_Activity_
Output the listing exactly, without its pictures.

_Data segment_
*** Block opens ***

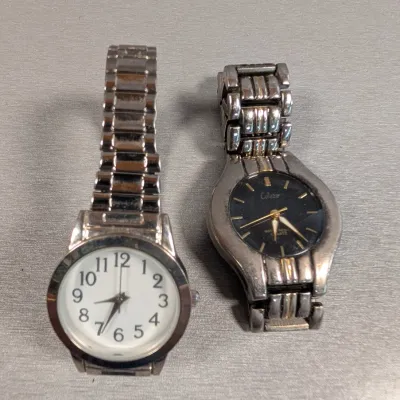 Sale Photo Thumbnail #146: Pair of vintage quartz wristwatches with metallic link bracelets, including a silver-tone watch with a white dial and a Collezio watch with a black face.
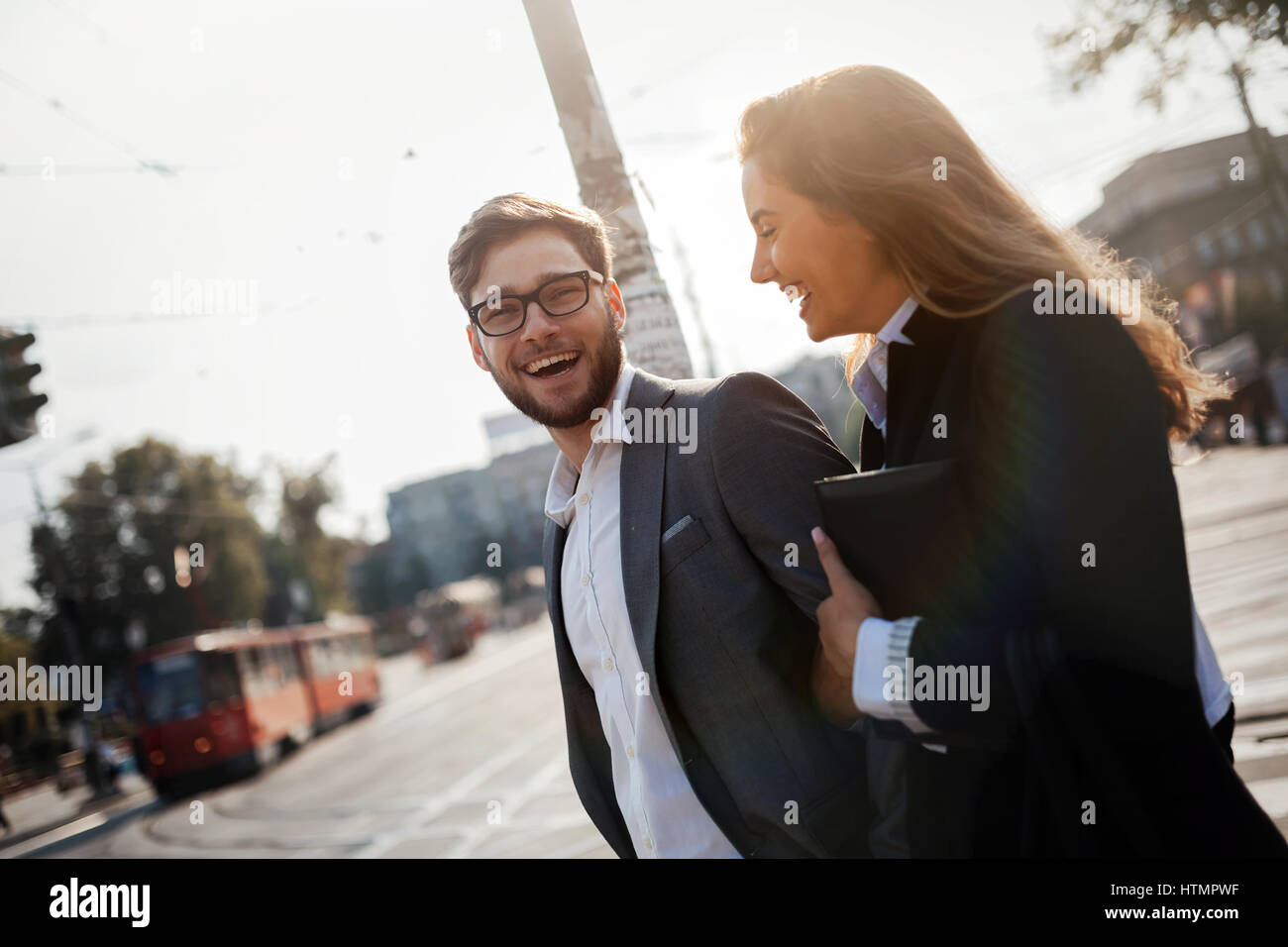 Happy business people walking in city and smiling Stock Photo - Alamy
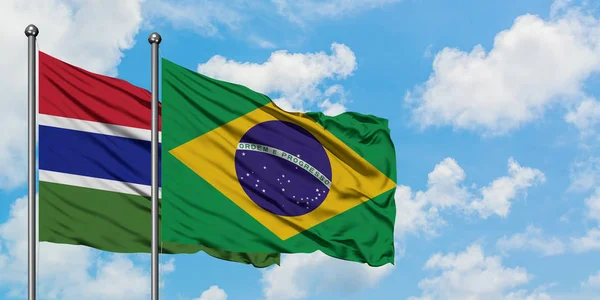 Bandera de Gambia y Brasil ondeando en el viento contra el cielo azul nublado blanco juntos. Concepto diplomático, relaciones internacionales . — Foto de Stock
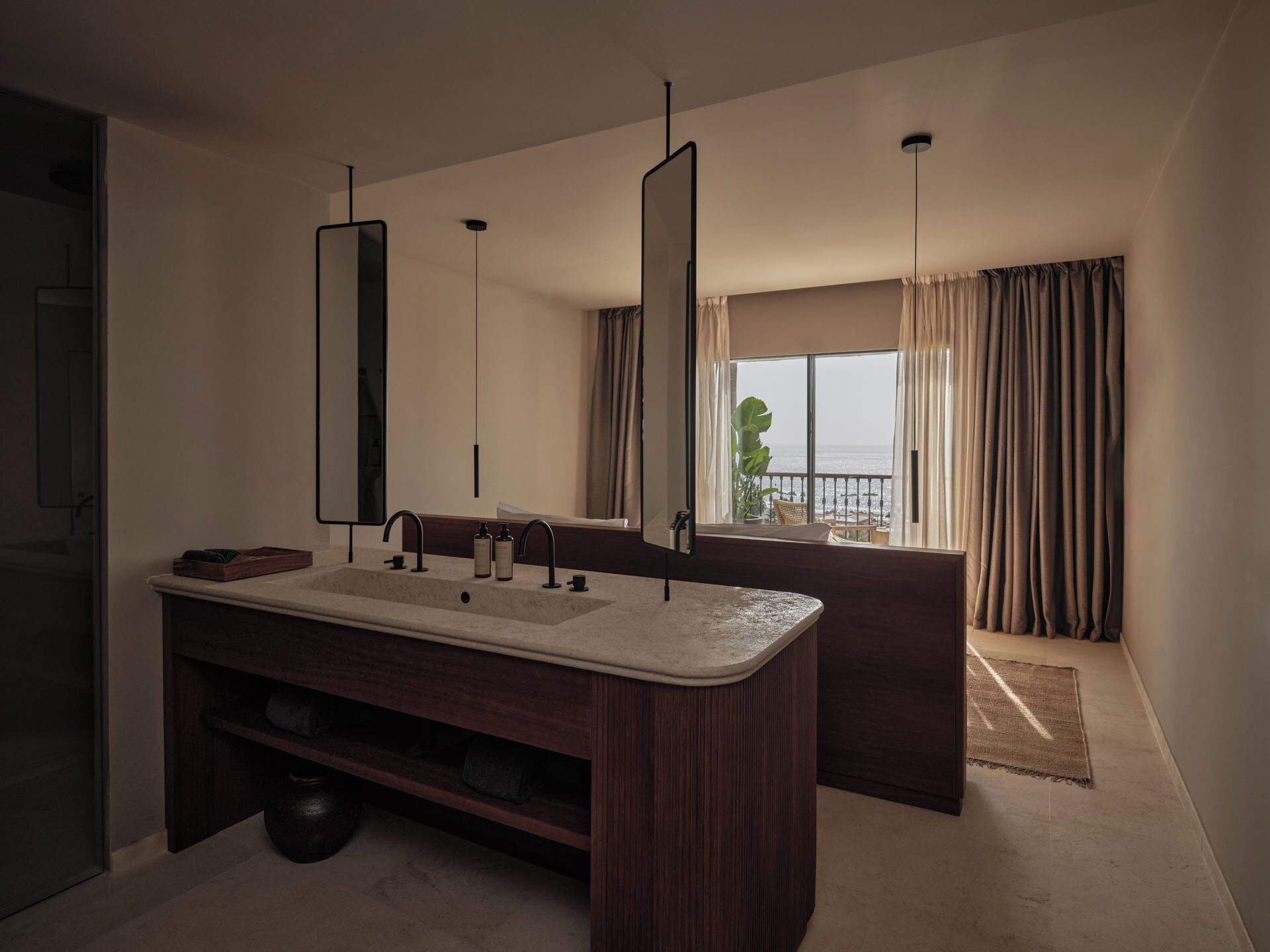 Une salle de bain moderne avec un grand lavabo, deux miroirs et une vue sur la mer par la fenêtre.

*** Block closes ***

_Solution to this task_
 Sale Photo Thumbnail #146: Pair of vintage quartz wristwatches with metallic link bracelets, including a silver-tone watch with a white dial and a Collezio watch with a black face.
 Happy business people walking in city and smiling Stock Photo - Alamy
 Bandera de Gambia y Brasil ondeando en el viento contra el cielo azul nublado blanco juntos. Concepto diplomático, relaciones internacionales . — Foto de Stock
 Une salle de bain moderne avec un grand lavabo, deux miroirs et une vue sur la mer par la fenêtre.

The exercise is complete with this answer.